Local dentists, doctors and health officials are urging the Traverse City Commission to continue to fluoridate the city's water.
Health officials made the statement Friday morning in reaction to a small group of people who are asking the city to remove funding for the city fluoridation program from the new budget.
Traverse City has fluoridated its water system since 1951 and health officials say scientific evidence has "overwhelmingly found fluoridated water is safe and prevents tooth decay" in children and adults.
"The proven public and dental heath benefits are why the Centers for Disease Control and Prevention proclaimed community water fluoridation as 'one of the 10 great public health achievements of the 20th century,'" said Wendy Trute, a health officer for Grand Traverse County.
Opponents of city fluoridation processes claim fluoride is a toxic substance and should not be in public water supplies, but health officials say opponents can "misunderstand and be alarmed by inaccurate and false information about fluoridation found on the Internet including so-called 'studies' alleging fluoride harms public health."

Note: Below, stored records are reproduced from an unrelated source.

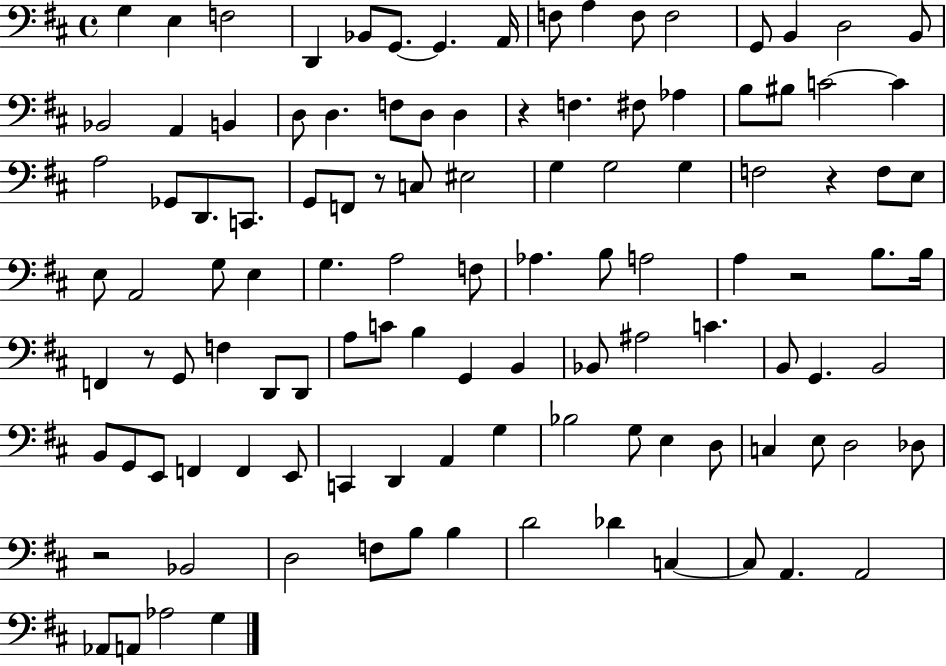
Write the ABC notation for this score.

X:1
T:Untitled
M:4/4
L:1/4
K:D
G, E, F,2 D,, _B,,/2 G,,/2 G,, A,,/4 F,/2 A, F,/2 F,2 G,,/2 B,, D,2 B,,/2 _B,,2 A,, B,, D,/2 D, F,/2 D,/2 D, z F, ^F,/2 _A, B,/2 ^B,/2 C2 C A,2 _G,,/2 D,,/2 C,,/2 G,,/2 F,,/2 z/2 C,/2 ^E,2 G, G,2 G, F,2 z F,/2 E,/2 E,/2 A,,2 G,/2 E, G, A,2 F,/2 _A, B,/2 A,2 A, z2 B,/2 B,/4 F,, z/2 G,,/2 F, D,,/2 D,,/2 A,/2 C/2 B, G,, B,, _B,,/2 ^A,2 C B,,/2 G,, B,,2 B,,/2 G,,/2 E,,/2 F,, F,, E,,/2 C,, D,, A,, G, _B,2 G,/2 E, D,/2 C, E,/2 D,2 _D,/2 z2 _B,,2 D,2 F,/2 B,/2 B, D2 _D C, C,/2 A,, A,,2 _A,,/2 A,,/2 _A,2 G,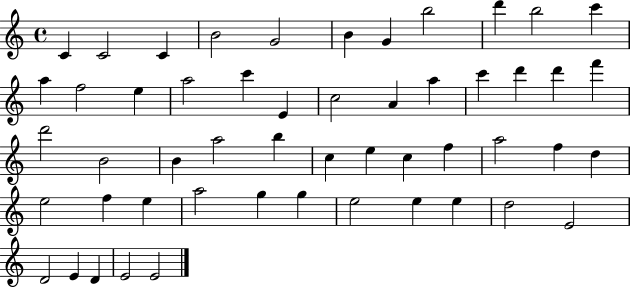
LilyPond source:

{
  \clef treble
  \time 4/4
  \defaultTimeSignature
  \key c \major
  c'4 c'2 c'4 | b'2 g'2 | b'4 g'4 b''2 | d'''4 b''2 c'''4 | \break a''4 f''2 e''4 | a''2 c'''4 e'4 | c''2 a'4 a''4 | c'''4 d'''4 d'''4 f'''4 | \break d'''2 b'2 | b'4 a''2 b''4 | c''4 e''4 c''4 f''4 | a''2 f''4 d''4 | \break e''2 f''4 e''4 | a''2 g''4 g''4 | e''2 e''4 e''4 | d''2 e'2 | \break d'2 e'4 d'4 | e'2 e'2 | \bar "|."
}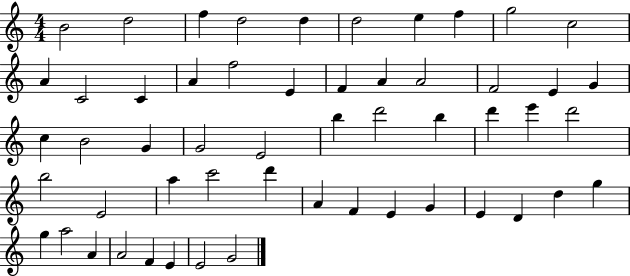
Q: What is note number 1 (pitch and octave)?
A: B4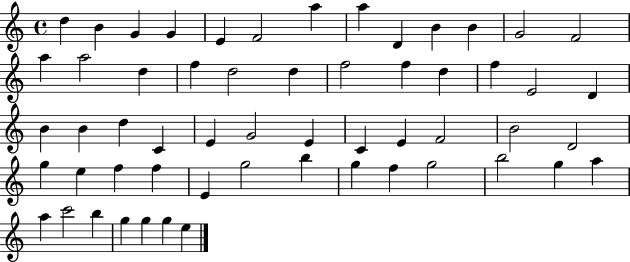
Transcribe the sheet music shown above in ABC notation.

X:1
T:Untitled
M:4/4
L:1/4
K:C
d B G G E F2 a a D B B G2 F2 a a2 d f d2 d f2 f d f E2 D B B d C E G2 E C E F2 B2 D2 g e f f E g2 b g f g2 b2 g a a c'2 b g g g e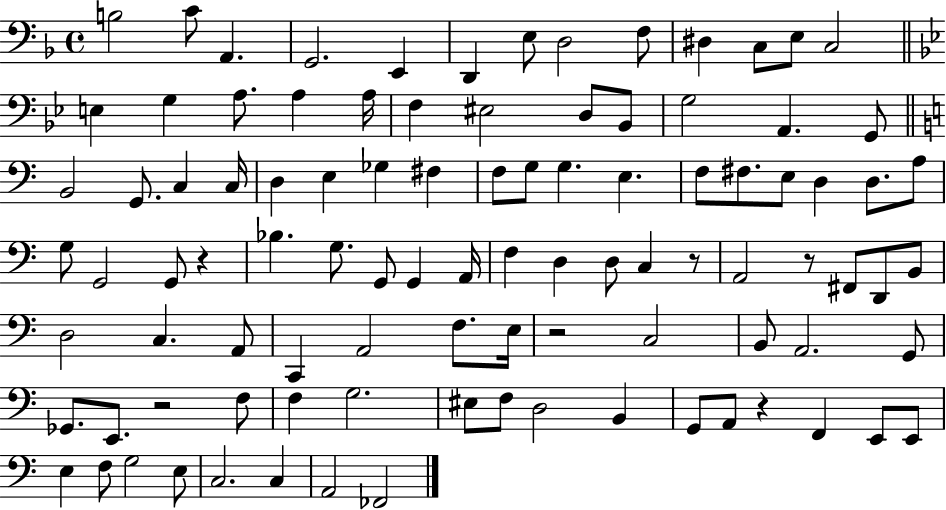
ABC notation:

X:1
T:Untitled
M:4/4
L:1/4
K:F
B,2 C/2 A,, G,,2 E,, D,, E,/2 D,2 F,/2 ^D, C,/2 E,/2 C,2 E, G, A,/2 A, A,/4 F, ^E,2 D,/2 _B,,/2 G,2 A,, G,,/2 B,,2 G,,/2 C, C,/4 D, E, _G, ^F, F,/2 G,/2 G, E, F,/2 ^F,/2 E,/2 D, D,/2 A,/2 G,/2 G,,2 G,,/2 z _B, G,/2 G,,/2 G,, A,,/4 F, D, D,/2 C, z/2 A,,2 z/2 ^F,,/2 D,,/2 B,,/2 D,2 C, A,,/2 C,, A,,2 F,/2 E,/4 z2 C,2 B,,/2 A,,2 G,,/2 _G,,/2 E,,/2 z2 F,/2 F, G,2 ^E,/2 F,/2 D,2 B,, G,,/2 A,,/2 z F,, E,,/2 E,,/2 E, F,/2 G,2 E,/2 C,2 C, A,,2 _F,,2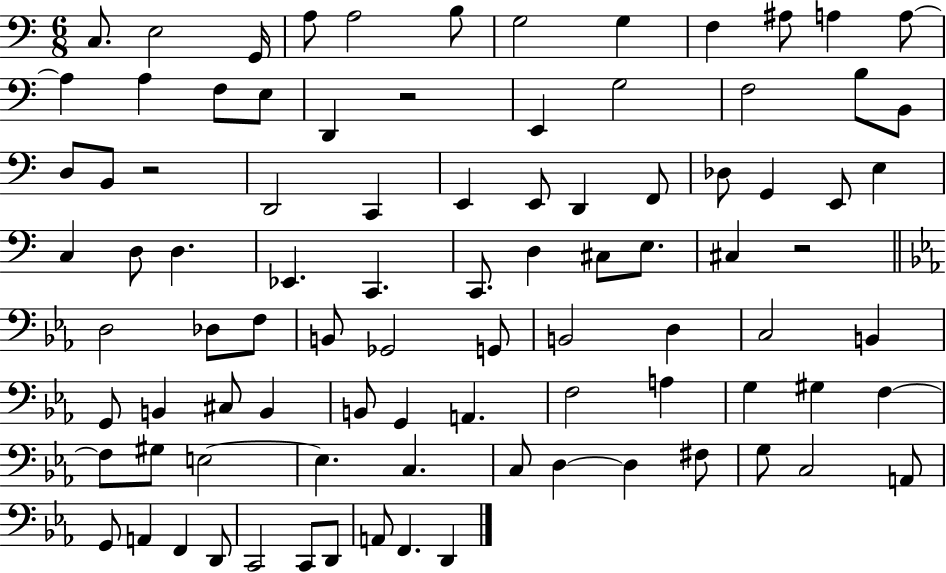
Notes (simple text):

C3/e. E3/h G2/s A3/e A3/h B3/e G3/h G3/q F3/q A#3/e A3/q A3/e A3/q A3/q F3/e E3/e D2/q R/h E2/q G3/h F3/h B3/e B2/e D3/e B2/e R/h D2/h C2/q E2/q E2/e D2/q F2/e Db3/e G2/q E2/e E3/q C3/q D3/e D3/q. Eb2/q. C2/q. C2/e. D3/q C#3/e E3/e. C#3/q R/h D3/h Db3/e F3/e B2/e Gb2/h G2/e B2/h D3/q C3/h B2/q G2/e B2/q C#3/e B2/q B2/e G2/q A2/q. F3/h A3/q G3/q G#3/q F3/q F3/e G#3/e E3/h E3/q. C3/q. C3/e D3/q D3/q F#3/e G3/e C3/h A2/e G2/e A2/q F2/q D2/e C2/h C2/e D2/e A2/e F2/q. D2/q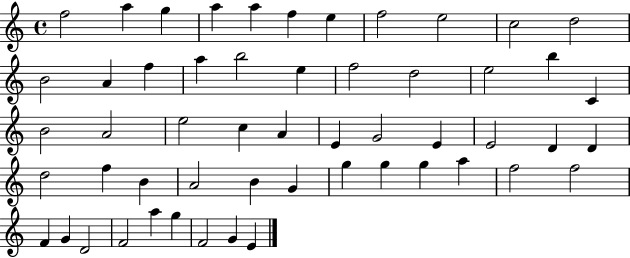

Trute said many items used in daily life can be considered toxic if used incorrectly or in the wrong concentrations.
"Medicines, or even vitamins, are good examples," said Trute. "These items enhance our lives when used appropriately, but can pose a health risk if they are consumed in too high of a quantity. The same applies to fluoride in the drinking water. When added to a community water supply at the proper level, fluoride has been scientifically proven to be a safe and effective means of preventing tooth decay in all populations, especially the poor and underserved."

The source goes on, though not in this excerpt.